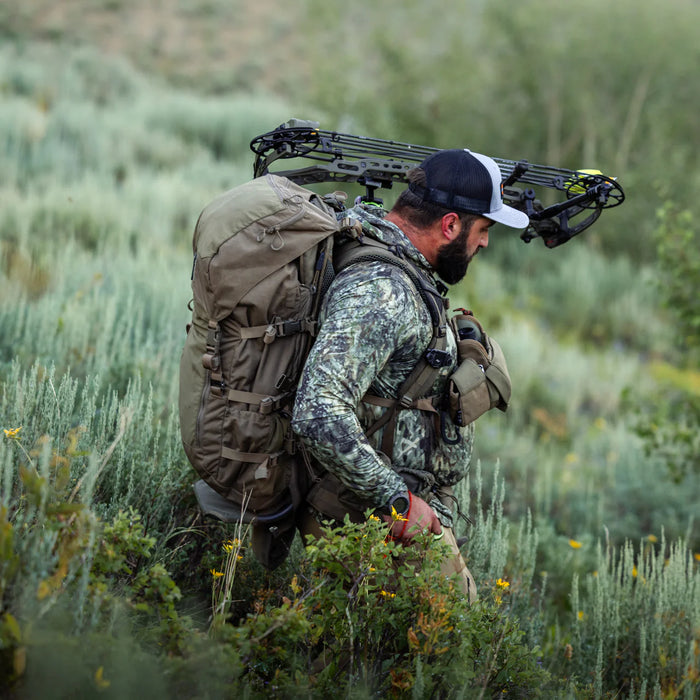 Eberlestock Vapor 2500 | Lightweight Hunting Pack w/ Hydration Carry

━━━

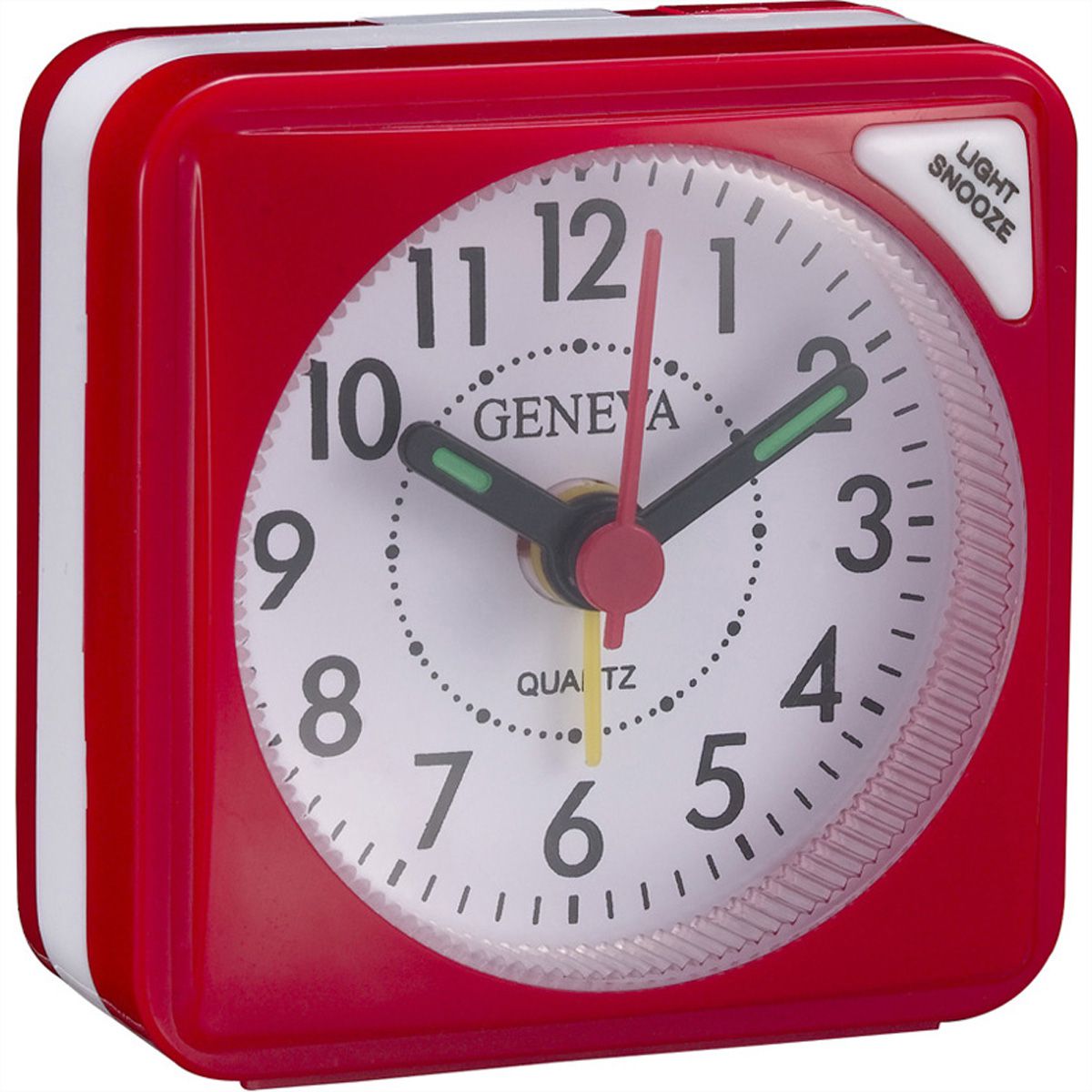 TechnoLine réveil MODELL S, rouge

━━━

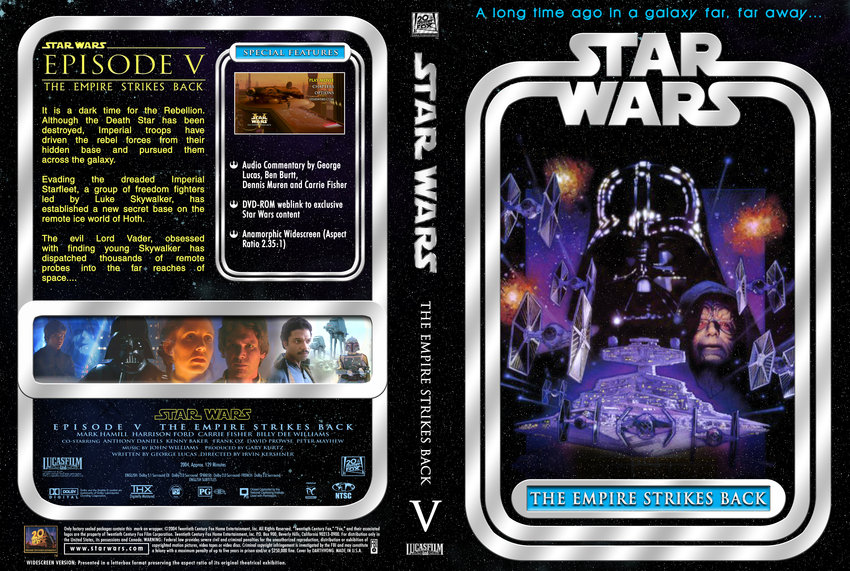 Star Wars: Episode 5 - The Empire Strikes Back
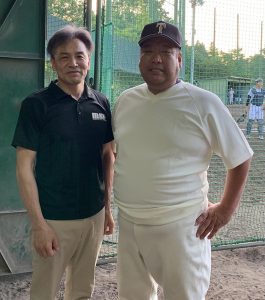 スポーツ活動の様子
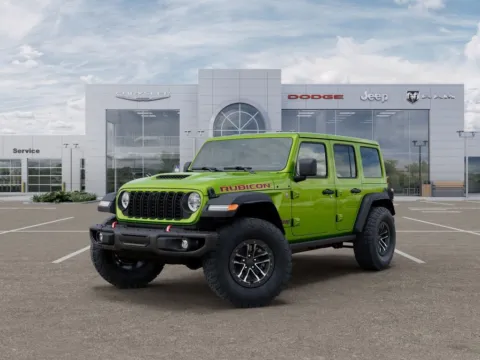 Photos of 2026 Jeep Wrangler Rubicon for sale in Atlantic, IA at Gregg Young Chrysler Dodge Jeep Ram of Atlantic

━━━

* _Exercise goal_: Please repeat the lines of the material above exactly, starting with the line that contains "Star Wars: Episode" and ending with the line that contains "Photos of 2026". Leave the pictures out.

* _Reply_:
 Star Wars: Episode 5 - The Empire Strikes Back
 スポーツ活動の様子
 Photos of 2026 Jeep Wrangler Rubicon for sale in Atlantic, IA at Gregg Young Chrysler Dodge Jeep Ram of Atlantic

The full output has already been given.